**DATA**

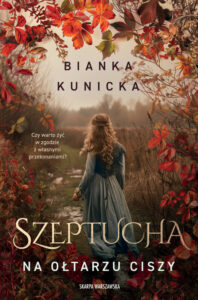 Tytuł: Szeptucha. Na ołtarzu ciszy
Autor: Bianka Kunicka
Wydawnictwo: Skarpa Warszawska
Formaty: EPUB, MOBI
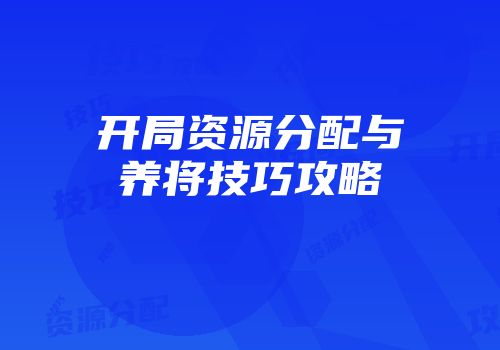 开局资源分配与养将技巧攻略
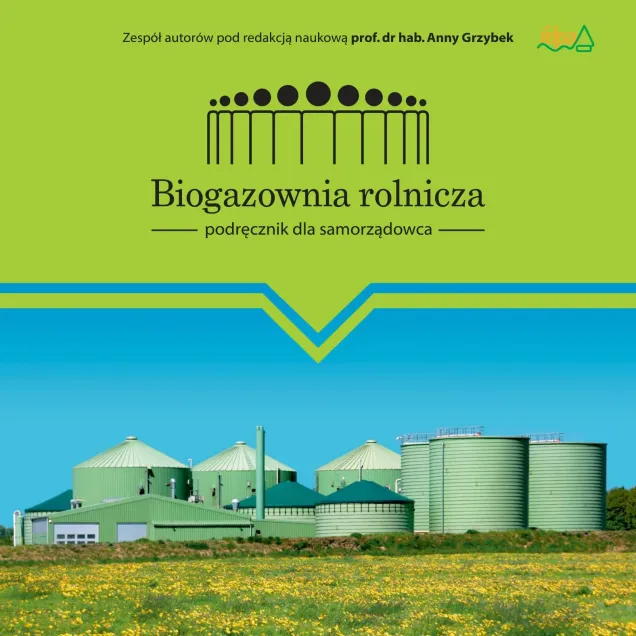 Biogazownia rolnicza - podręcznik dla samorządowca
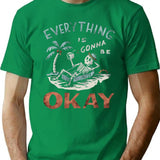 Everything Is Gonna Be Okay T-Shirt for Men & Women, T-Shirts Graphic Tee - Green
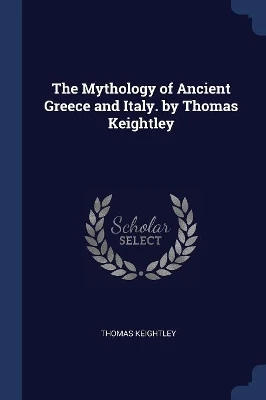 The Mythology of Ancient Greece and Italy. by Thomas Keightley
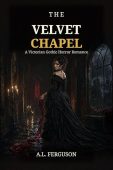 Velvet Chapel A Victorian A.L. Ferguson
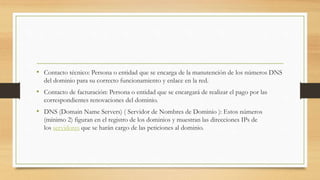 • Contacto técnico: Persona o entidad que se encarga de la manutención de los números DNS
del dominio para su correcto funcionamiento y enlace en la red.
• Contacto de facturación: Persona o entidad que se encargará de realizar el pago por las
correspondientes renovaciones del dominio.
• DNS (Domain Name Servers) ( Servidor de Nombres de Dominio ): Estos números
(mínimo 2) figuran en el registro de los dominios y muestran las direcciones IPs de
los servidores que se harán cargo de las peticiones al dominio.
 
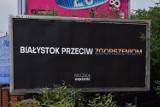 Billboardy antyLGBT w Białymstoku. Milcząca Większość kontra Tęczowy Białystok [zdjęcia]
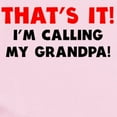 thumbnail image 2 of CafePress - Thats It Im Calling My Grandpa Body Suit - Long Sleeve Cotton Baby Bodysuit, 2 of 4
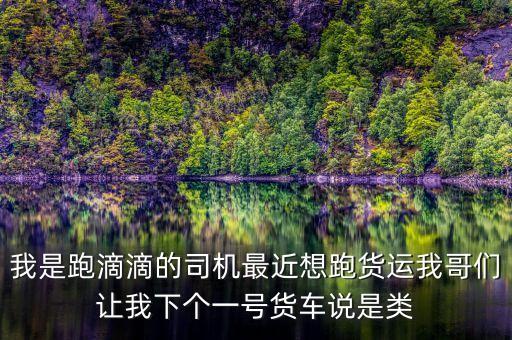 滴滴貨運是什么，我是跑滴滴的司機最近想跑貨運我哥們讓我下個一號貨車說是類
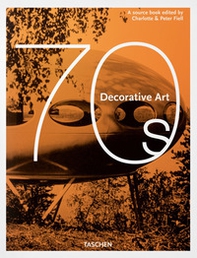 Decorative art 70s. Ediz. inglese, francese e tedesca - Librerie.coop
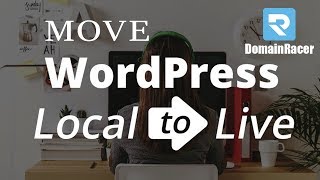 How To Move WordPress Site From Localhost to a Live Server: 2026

**WHAT TO DO**
Find the line with "Autor: Bianka Kunicka" in the entries above. Set down exactly every line from it up to and including the line with "pago por las", images excluded.

**EXERCISE SOLUTION**
Autor: Bianka Kunicka
Wydawnictwo: Skarpa Warszawska
Formaty: EPUB, MOBI
 开局资源分配与养将技巧攻略
 Biogazownia rolnicza - podręcznik dla samorządowca
 Everything Is Gonna Be Okay T-Shirt for Men & Women, T-Shirts Graphic Tee - Green
 The Mythology of Ancient Greece and Italy. by Thomas Keightley
 Velvet Chapel A Victorian A.L. Ferguson
 • Contacto técnico: Persona o entidad que se encarga de la manutención de los números DNS
del dominio para su correcto funcionamiento y enlace en la red.
• Contacto de facturación: Persona o entidad que se encargará de realizar el pago por las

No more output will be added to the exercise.